There is also that very obliging landlady (Pauline Delaney - that marvellous Irish actress who had a similar role in YOUNG CASSIDY) who also sees how she can improve her lot.  Denholm comes into money and begins to realise how Jimmy is using him, even wearing his good clothes and ties which he wants back. So we have a shocking sudden murder leaving Jimmy free to move ahead, the landlady too plays her part in disposing of the body, as long as she gets a regular visit from our rising young man about town. 
This is deliciously played out with many amusing scenes and the large cast including Andrews and Allison Legatt as Jimmy's deluded mother are all just right. Can Jimmy though get away with it? There is a nice twist and Jimmy realises his new wife is on to him but she does not mind, as she knows what a go-getter he is. Like Joe Lampton he too has arrived at the top of the heap but unlike Joe he is determined to enjoy it - and so will audencies for this nice slice of London as the '60s were taking off. 
Clive Donner, who died in 2010 aged 84, seems one of the under-rated '60s directors now, he went on to the success of WHATS NEW PUSSYCAT? next, a favourite that defines the '60s for me, as does his HERE WE GO ROUND THE MULBERRY BUSH, his hippie take on ALFRED THE GREAT is an interesting late '60s costumer with both David Hemmings and Michael York at their best.

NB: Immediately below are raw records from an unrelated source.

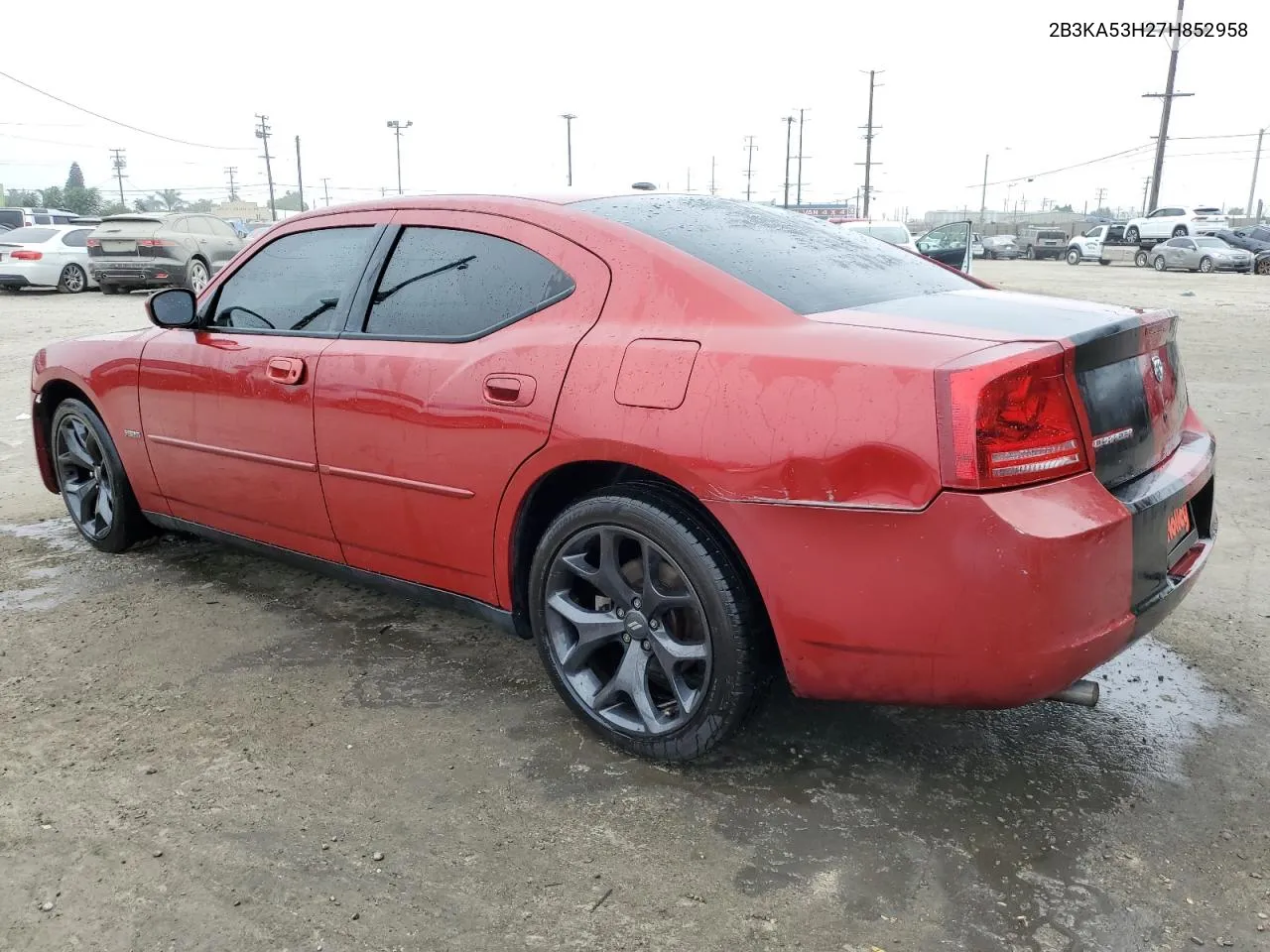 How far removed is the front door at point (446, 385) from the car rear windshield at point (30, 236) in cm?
1930

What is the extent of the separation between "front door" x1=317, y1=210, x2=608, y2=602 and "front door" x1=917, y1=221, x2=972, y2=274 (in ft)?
36.5

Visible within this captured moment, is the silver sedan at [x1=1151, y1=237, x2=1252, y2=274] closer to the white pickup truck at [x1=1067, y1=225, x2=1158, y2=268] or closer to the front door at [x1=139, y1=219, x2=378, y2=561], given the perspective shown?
the white pickup truck at [x1=1067, y1=225, x2=1158, y2=268]

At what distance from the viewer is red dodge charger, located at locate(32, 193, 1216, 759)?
7.06 ft

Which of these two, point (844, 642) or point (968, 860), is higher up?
point (844, 642)

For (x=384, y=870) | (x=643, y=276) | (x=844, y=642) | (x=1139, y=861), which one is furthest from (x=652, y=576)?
(x=1139, y=861)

Wednesday, 30 November 2011

Young Cassidy - a John Ford film directed by Jack Cardiff

YOUNG CASSIDY Or: SEAN O'CASEY IN LOVE ? One of 1965's under-rated gems is this biopic of Irish writer Sean O'Casey, a perfect example of American film-making in England in the '60s. It was a project dear to John Ford, but he only spent a few weeks on the film due to illness, so esteemed photographer Jack Cardiff took over, having directed the successful D.H. Lawrence adaptation SONS AND LOVERS himself in 1960.

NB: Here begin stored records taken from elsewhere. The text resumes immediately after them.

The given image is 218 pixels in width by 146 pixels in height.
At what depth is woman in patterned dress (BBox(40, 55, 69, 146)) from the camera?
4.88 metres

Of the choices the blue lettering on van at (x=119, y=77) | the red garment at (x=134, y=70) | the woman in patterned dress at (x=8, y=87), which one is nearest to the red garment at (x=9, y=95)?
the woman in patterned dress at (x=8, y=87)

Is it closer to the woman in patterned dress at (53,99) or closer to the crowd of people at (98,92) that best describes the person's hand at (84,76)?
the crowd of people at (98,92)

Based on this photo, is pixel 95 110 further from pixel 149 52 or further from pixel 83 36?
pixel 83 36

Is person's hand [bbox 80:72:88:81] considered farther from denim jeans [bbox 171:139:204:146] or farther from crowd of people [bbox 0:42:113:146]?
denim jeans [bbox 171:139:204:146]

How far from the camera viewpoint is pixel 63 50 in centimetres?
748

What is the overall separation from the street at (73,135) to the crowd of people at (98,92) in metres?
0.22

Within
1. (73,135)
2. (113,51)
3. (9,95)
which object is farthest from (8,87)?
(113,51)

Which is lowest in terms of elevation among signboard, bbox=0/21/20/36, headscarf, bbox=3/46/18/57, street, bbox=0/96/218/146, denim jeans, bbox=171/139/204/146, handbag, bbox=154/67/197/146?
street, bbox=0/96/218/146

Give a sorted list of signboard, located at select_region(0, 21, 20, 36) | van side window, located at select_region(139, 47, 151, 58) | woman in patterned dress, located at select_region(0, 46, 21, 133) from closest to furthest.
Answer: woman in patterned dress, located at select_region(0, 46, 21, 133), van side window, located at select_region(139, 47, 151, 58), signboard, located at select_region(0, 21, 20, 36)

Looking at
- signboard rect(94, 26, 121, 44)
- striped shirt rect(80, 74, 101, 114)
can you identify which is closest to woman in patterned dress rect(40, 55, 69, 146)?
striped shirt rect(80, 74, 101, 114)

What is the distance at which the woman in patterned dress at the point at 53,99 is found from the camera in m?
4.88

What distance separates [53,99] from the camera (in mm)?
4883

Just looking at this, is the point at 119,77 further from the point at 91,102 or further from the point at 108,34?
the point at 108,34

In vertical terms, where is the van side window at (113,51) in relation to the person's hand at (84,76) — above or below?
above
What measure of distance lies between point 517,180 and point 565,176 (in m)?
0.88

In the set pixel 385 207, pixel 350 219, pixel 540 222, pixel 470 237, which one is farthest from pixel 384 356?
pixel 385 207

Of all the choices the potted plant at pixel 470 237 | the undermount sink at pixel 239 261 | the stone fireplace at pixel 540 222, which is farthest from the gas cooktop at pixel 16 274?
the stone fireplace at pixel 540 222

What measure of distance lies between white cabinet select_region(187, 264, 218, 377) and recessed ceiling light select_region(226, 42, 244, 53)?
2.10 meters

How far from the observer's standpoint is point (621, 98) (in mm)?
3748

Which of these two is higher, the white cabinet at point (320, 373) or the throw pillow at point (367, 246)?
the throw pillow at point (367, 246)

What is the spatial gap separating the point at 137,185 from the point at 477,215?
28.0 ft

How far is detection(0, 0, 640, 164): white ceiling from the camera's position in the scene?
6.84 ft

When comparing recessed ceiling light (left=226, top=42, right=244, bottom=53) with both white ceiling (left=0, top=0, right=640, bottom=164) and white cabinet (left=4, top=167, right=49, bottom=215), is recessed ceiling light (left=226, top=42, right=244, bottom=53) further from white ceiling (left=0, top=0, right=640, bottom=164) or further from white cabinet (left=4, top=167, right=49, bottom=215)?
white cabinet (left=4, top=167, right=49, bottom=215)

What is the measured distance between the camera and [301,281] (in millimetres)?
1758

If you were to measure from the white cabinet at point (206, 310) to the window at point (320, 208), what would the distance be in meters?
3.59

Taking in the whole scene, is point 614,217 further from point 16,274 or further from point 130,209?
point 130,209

Ford may only have directed a couple of scenes - the pub fight and meeting Daisy Battles (the radiant young Julie Christie) and the death of Sean's mother, the noble Flora Robson. The cast here is the thing: Rod Taylor is an agreeable presence, ideal in THE BIRDS etc, and certainly makes for a brawling playright! Maggie Smith is Nora, the bookshop girl he loves, but she cannot deal with his growing success and the world he wants to live in. Julie (just before DARLING and DR ZHIVAGO that year) is the happy prostitute he meets a few times, Dame Flora is perfect as the ailing mother, Sian Phillips his poverty-stricken sister - and then theres Edith Evans as Lady Gregory who runs the Abbey Theatre, and Michael Redgrave as W.B.Yeats - heavyweights indeed. Add in Pauline Delaney as the randy landlady, Donal Donnelly, Joe Lynch, Jack McGowran and other assorted Irish characters.

Ford and Cardiff on set, above right.

The Easter Rebellion of 1916 plays out in the background as O'Casey steals books from Maggie's shop and gets his first play written and staged, but he cannot cash his first cheque to pay for his mother's funeral! Finally, he leaves for England and the successes waiting for him. The Dublin backgrounds are nicely staged along with the poverty of the time and its all a breezy romp touching certainly on events in the early O'Casey's life. O'Casey's plays are still being revived, I am off to a National Theatre revivial of JUNO AND THE PAYCOCK in the new year.